Comment convaincre les gens de s'informer à l'heure où ils songent à aller au lit? C'est le défi des deux principaux réseaux de télévision généralistes, qui ont vu leurs cotes d'écoute diminuer d'année en année à 22 h.

L'époque où une partie du Québec était rivée devant la grand-messe du Téléjournal de Radio-Canada est bel et bien révolue, tout comme celle où le bulletin de fin de soirée de TVA attirait 1 million de téléspectateurs. D'abord, les gens se couchent plus tôt qu'avant. Ensuite, l'arrivée des chaînes spécialisées et des enregistreurs numériques, qui permettent de regarder les émissions en différé, ont bouleversé les habitudes d'écoute.

Enfin, l'arrivée d'Éric Salvail sur V à 22 h a définitivement modifié la donne, selon Francine Marcotte, vice-présidente et directrice de Cossette Média. «En mode Salvail gruge l'auditoire des bulletins de nouvelles, surtout celui de TVA, qui a perdu 28 % de son auditoire depuis l'automne 2012, alors que le Téléjournal, lui, a maintenu le sien. TVA n'avait pas le choix, il devait réagir.»

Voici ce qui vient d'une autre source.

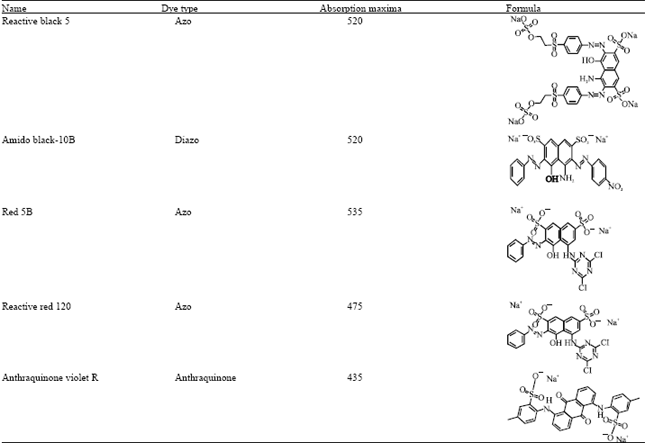 Image for - Comparative Analysis of Bioremediation Potential of Adapted and Non-Adapted Fungi on Azo Dye Containing Textile Effluent
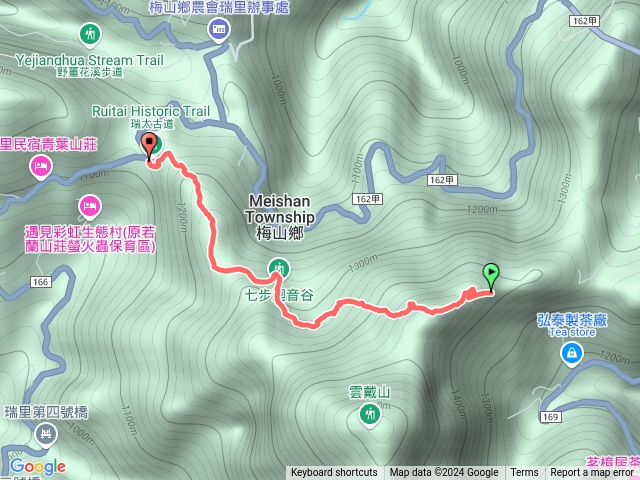 瑞泰古道環狀線半環紀錄預覽圖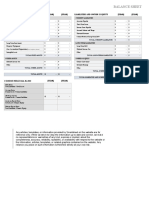 Balance Sheet: Asia Cycle Industries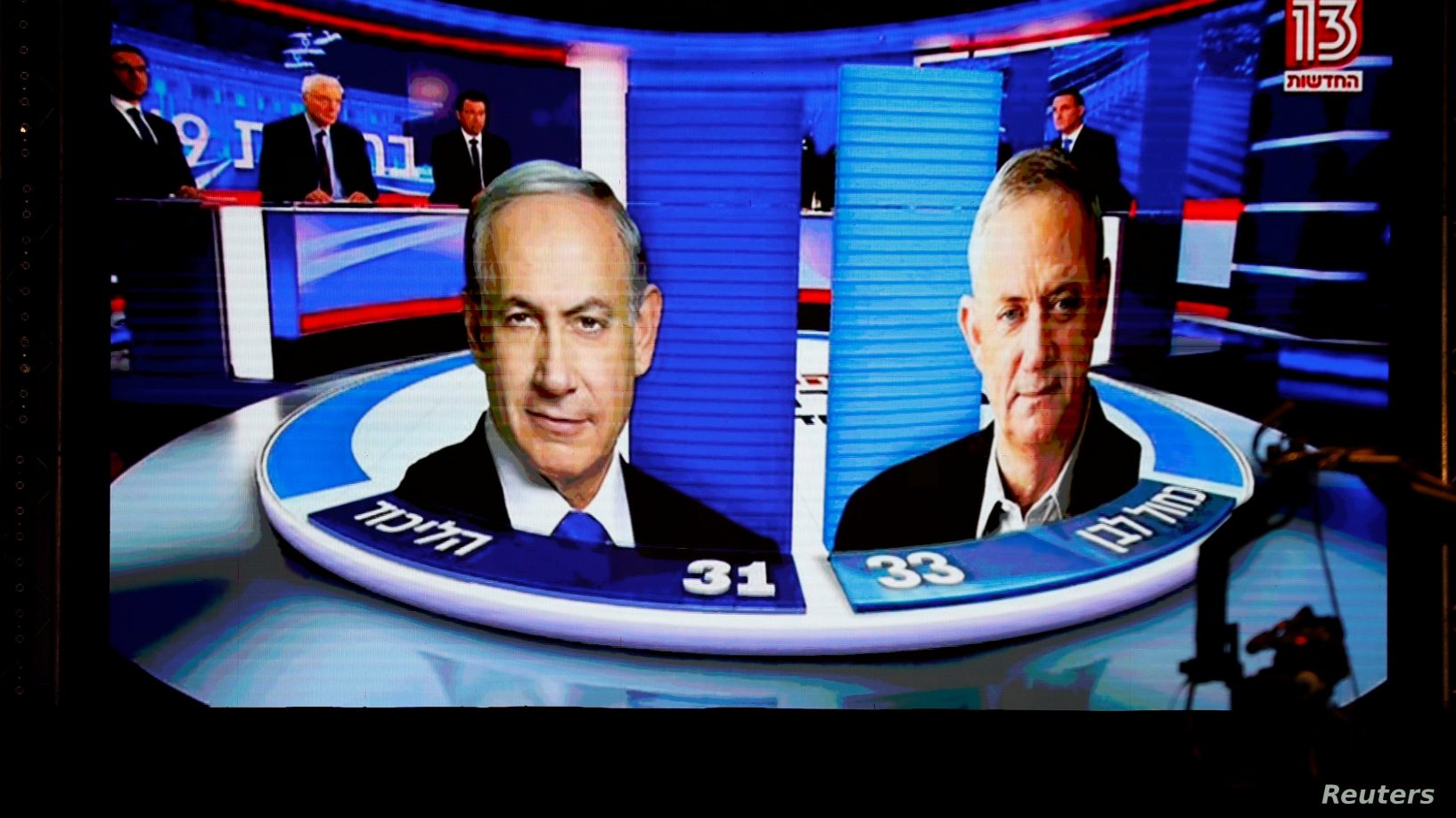ISrael elections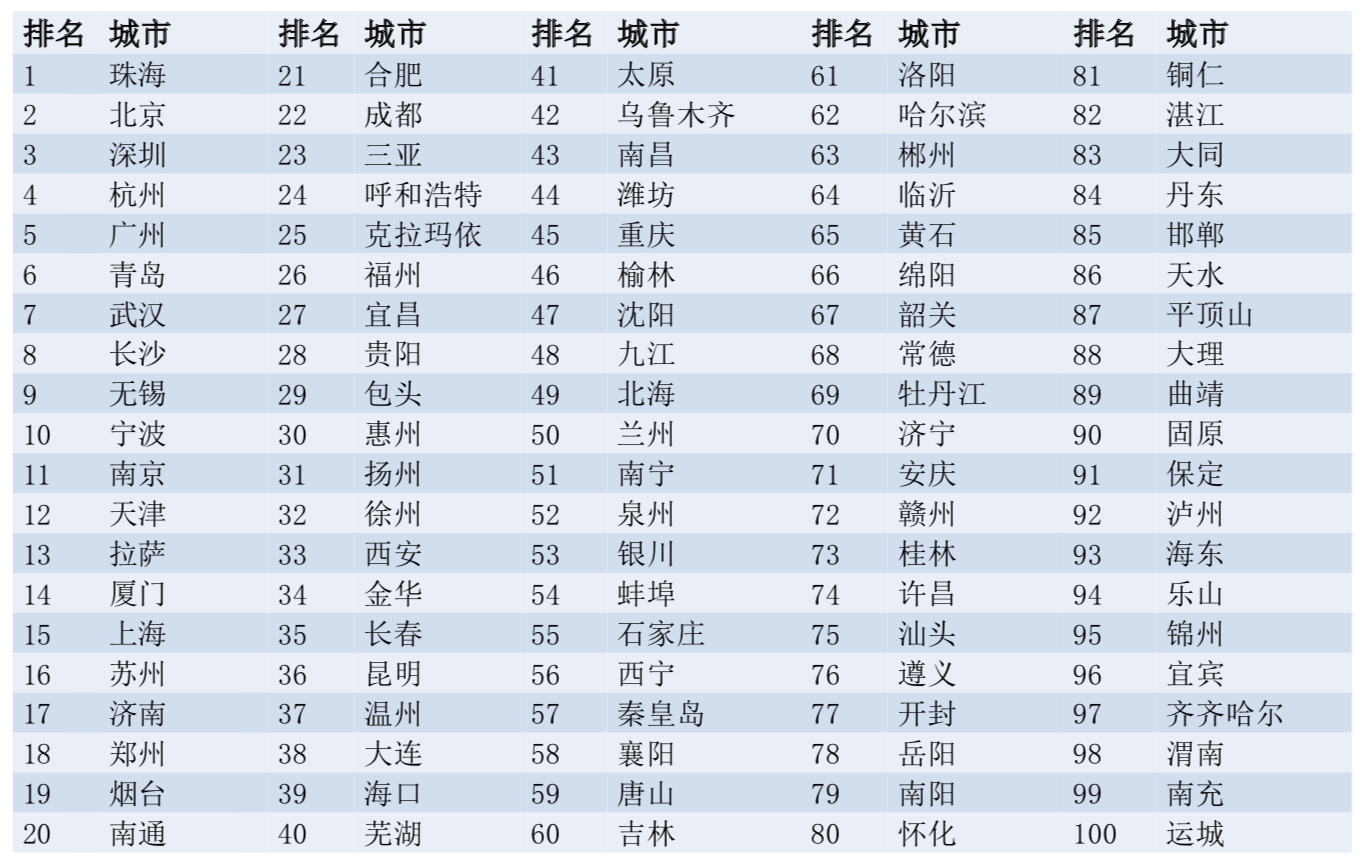 深圳人口增速_中国重点城市包容度排名 苏州第六(3)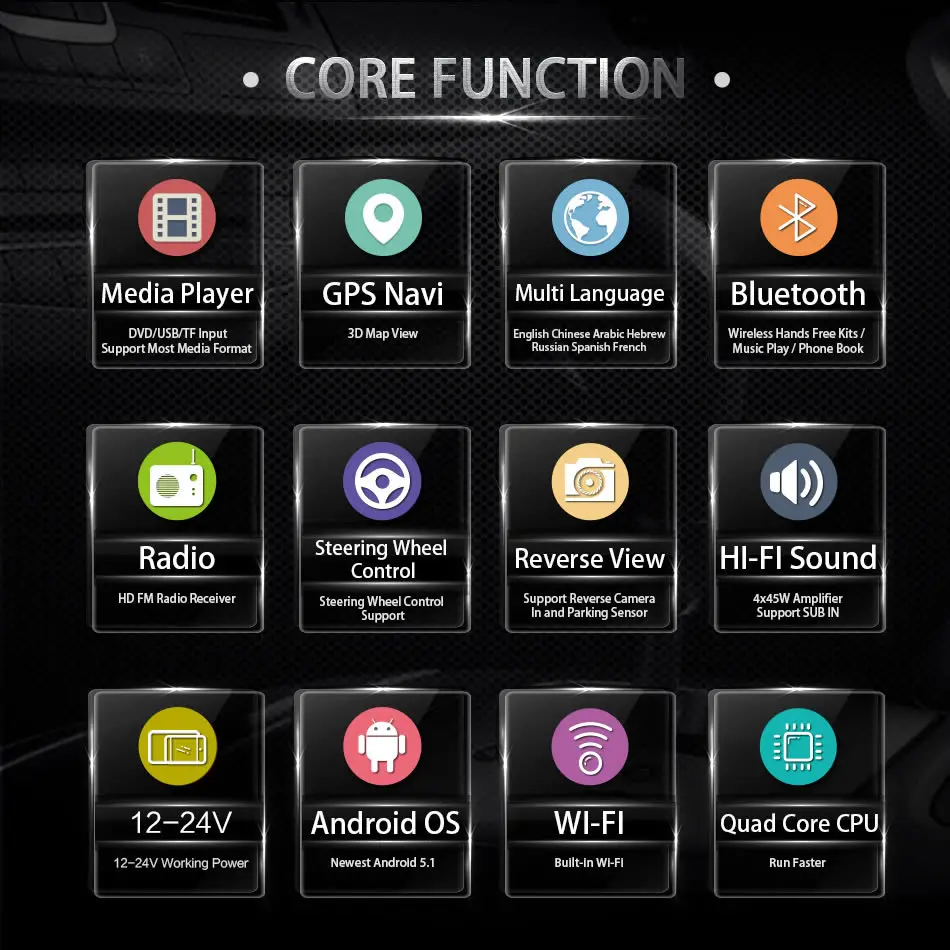 Perfect Single Din Android Quad Core 7 Inch Touch Screen Car Dash Player GPS WIFI Bluetooth Hean Unit Stereos 12V - 24V for Car Truck 11 Perfect Single Din Android Quad Core 7 Inch Touch Screen Car Dash Player GPS WIFI Bluetooth Hean Unit Stereos 12V - 24V for Car Truck 11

Cette semaine, les deux réseaux ont donc lancé une nouvelle formule à 22 h. À Radio-Canada, on a choisi de couvrir moins de nouvelles, mais de les approfondir. On propose aussi de grands dossiers, comme celui sur la retraite présenté la semaine dernière sur toutes les plateformes du diffuseur public.

Du côté de TVA, on a allégé la formule du bulletin traditionnel. L'animatrice ne lit plus les nouvelles, elle échange avec une équipe de commentateurs sur un ton qui se veut léger et convivial.

La première, mardi dernier, a suscité scepticisme et hilarité dans les réseaux sociaux en raison des nombreux accessoires utilisés pour «illustrer» la nouvelle (cône orange, balle de tennis et boîte de sardines), qui ont volé la vedette aux commentateurs. Le lendemain, TVA avait déjà donné un sérieux coup de barre. Il reste que les deux formules sont diamétralement opposées.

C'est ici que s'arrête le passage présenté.